Um encontro entre mundos que, por muito tempo, caminharam separados: o mundo da educação e o mundo do sistema prisional. E talvez o que mais nos mobilize aqui seja exatamente isso: a coragem de aproximar
O projeto “A Liberdade Tem Asas” nasce dessa aproximação sensível, desse gesto de acreditar que, mesmo em contextos de restrição a vida não deixa de pulsar, o pensamento não deixa de criar, e o ser humano não deixa de poder transformar-se. Quando pensamos na formação de policiais penais como tutores, estamos deslocando sentidos. Estamos dizendo que ali, onde muitos veem apenas vigilância, também pode haver escuta. Onde há controle, também pode haver cuidado. Onde há limite, também pode nascer possibilidade.
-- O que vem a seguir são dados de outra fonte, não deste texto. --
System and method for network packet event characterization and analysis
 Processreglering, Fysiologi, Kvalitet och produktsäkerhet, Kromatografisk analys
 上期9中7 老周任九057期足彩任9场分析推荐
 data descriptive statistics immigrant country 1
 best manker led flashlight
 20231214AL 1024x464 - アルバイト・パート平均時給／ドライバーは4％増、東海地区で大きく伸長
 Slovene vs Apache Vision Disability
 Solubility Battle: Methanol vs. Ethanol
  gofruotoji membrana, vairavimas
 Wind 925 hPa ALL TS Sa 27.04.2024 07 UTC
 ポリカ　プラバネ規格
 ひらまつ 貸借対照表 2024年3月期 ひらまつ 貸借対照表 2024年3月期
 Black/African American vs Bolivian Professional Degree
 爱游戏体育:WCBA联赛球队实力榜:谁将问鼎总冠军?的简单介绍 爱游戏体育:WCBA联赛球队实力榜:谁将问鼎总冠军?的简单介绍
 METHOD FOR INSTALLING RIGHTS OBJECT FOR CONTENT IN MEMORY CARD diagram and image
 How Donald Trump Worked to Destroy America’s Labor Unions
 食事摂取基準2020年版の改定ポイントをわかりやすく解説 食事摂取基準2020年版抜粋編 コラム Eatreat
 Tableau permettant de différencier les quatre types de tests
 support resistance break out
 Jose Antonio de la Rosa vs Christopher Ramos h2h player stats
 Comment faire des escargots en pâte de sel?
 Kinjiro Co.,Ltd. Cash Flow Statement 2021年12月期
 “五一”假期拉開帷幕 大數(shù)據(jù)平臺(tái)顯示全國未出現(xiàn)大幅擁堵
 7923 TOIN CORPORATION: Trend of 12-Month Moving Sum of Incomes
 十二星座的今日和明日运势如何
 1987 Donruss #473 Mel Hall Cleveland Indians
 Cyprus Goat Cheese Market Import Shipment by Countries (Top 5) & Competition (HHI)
Educar, nesse contexto, é um ato profundamente ético. É reconhecer o outro não pelo que foi, mas pelo que ainda pode vir a ser. É abrir espaço para que o conhecimento não seja apenas conteúdo, mas experiência de reconstrução. E aqui, talvez, resida a beleza mais profunda deste projeto: ele não leva apenas cursos, ele leva presença.
Uma presença que acompanha, que orienta, que acredita. Porque, no fundo,
todos nós sabemos — a liberdade não começa do lado de fora. Ela começa quando alguém volta a sonhar. Quando alguém descobre que ainda pode aprender. Quando alguém percebe que sua história não precisa terminar onde parecia já estar escrita.
Que este projeto seja isso: um gesto de confiança na vida. E que, juntos, possamos sustentar essa delicada e poderosa tarefa de fazer com que, mesmo em territórios de restrição, a liberdade encontre caminhos para abrir suas asas.
Para concretizarmos esse projeto faremos o primeiro Encontro Presencial (em 15 de maio de 2026) reunindo autoridades e Policiais Penais que atuarão como tutores no projeto para os Privados de Liberdade.